The client device 140, in some example embodiments, may include a Graphical User Interface (GUI) for displaying the user interface 130. In a typical GUI, instead of offering only text menus or requiring typed commands, the engine 200 may present graphical icons, visual indicators, or special graphical elements called widgets. The user interface 130 may be utilized as a visual front-end to allow the user 120 to build and modify complex tasks with little or no programming expertise.
The client device 140 may include a mobile telephone, a computer, a lap top, a smart phone, a tablet Personal Computer (PC), and so forth. In some embodiments, the client device 140 may be associated with one or more users 120. The client device 140 may be configured to utilize icons used in conjunction with text, labels, or text navigation to fully represent the information and actions available to the user 120. The user 120, in some example embodiments, may be a person interacting with the user interface 130 via one of the client devices 140. The user 120 may represent a person that uses the event-driven management engine 200 for scientific workflows for his or her needs. For example, the user 120 may include a scientist using the event-driven management engine 200 for scientific workflows for performing a series of computational or data manipulation steps. As shown on FIG. 1, the user 120 may input data to an application running on the client device 140. The application may utilize the event-driven management engine 200 for scientific workflows. Based on the input of the user 120, the event-driven management engine 200 for scientific workflows may generate and execute the automated workflow of the application running on the client device 140. The event-driven management engine 200 for scientific workflows may be connected to one or more databases 150. The databases 150 may store data associated with tasks that need to be executed in the course of the workflow.

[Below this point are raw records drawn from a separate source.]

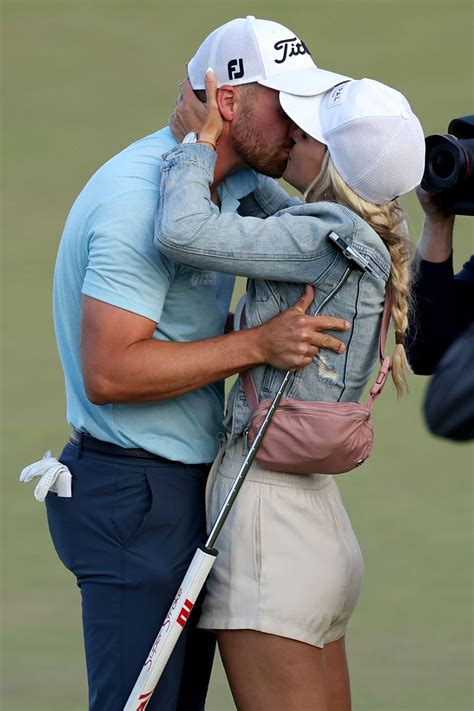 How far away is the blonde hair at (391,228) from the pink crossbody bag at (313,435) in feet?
0.09

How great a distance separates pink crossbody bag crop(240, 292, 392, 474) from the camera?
2.38 meters

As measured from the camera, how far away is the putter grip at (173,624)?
239cm

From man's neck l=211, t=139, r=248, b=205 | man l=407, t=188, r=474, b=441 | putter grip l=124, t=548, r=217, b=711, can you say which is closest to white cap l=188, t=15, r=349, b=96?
man's neck l=211, t=139, r=248, b=205

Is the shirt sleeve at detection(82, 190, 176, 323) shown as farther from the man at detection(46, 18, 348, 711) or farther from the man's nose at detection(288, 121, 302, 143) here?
the man's nose at detection(288, 121, 302, 143)

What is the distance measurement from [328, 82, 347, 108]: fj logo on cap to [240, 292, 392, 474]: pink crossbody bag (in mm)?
347

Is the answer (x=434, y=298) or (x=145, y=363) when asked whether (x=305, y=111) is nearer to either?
(x=145, y=363)

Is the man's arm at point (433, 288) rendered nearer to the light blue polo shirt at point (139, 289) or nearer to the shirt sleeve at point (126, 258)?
the light blue polo shirt at point (139, 289)

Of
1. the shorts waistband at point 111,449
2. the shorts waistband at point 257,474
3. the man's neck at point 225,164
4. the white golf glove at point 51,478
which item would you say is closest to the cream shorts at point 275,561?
the shorts waistband at point 257,474

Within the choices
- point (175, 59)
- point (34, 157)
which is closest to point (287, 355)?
point (34, 157)

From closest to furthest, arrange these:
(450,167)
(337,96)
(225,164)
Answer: (337,96)
(225,164)
(450,167)

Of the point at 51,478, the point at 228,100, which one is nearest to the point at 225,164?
the point at 228,100

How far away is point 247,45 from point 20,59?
24.8ft

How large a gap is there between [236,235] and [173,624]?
653mm

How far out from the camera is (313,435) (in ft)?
7.80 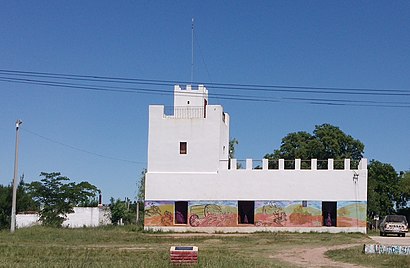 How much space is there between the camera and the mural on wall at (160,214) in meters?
49.3

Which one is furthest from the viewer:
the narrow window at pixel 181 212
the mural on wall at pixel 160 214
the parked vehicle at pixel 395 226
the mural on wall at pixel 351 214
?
the narrow window at pixel 181 212

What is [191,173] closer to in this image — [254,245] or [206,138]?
[206,138]

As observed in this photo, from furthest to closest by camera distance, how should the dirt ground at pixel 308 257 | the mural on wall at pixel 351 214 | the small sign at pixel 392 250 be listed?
the mural on wall at pixel 351 214 → the small sign at pixel 392 250 → the dirt ground at pixel 308 257

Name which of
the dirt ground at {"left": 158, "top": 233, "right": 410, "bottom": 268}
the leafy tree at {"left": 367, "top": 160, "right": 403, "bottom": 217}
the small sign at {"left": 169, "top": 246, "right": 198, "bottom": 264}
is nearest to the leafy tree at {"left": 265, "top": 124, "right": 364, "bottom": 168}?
the leafy tree at {"left": 367, "top": 160, "right": 403, "bottom": 217}

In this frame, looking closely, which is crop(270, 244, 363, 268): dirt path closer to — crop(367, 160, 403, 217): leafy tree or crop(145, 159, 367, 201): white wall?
crop(145, 159, 367, 201): white wall

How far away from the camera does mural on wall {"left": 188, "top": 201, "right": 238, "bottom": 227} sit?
49.0 meters

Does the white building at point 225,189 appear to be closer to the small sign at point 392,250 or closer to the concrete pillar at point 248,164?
the concrete pillar at point 248,164

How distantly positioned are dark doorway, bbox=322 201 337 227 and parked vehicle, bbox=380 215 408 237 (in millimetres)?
3783

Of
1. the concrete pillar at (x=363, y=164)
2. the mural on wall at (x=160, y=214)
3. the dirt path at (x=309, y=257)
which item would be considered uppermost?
the concrete pillar at (x=363, y=164)

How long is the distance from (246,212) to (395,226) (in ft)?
36.9

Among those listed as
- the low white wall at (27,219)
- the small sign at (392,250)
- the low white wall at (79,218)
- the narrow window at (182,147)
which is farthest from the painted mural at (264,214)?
the small sign at (392,250)

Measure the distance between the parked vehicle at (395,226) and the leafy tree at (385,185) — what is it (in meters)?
31.7

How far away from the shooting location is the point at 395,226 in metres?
45.6

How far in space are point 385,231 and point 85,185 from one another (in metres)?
32.8
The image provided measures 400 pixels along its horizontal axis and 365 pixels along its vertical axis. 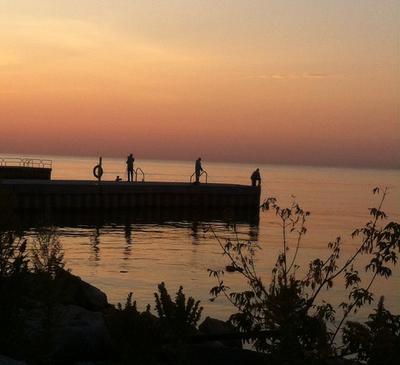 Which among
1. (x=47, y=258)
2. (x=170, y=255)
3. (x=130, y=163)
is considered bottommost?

FIG. 2 shows a detailed block diagram of the event-driven management engine 200 for scientific workflows, in accordance with an example embodiment. The engine 200 may include a decision node 202, a fork-join queuing cluster 204, a database 206, and, optionally, a user interface 208.
The user may run an application that may utilize the event-driven management engine 200 for scientific workflows. During running of the application, an event may occur. The event may include a user action, a sensor output, a notification from other programs, and so forth. Each event may be associated with one or more conditions that may be stored in the event-driven management engine 200 for scientific workflows. The management engine 200 for scientific workflows may include a decision node 202, a fork-join queuing cluster 204, a database 206, and, optionally, a user interface 208.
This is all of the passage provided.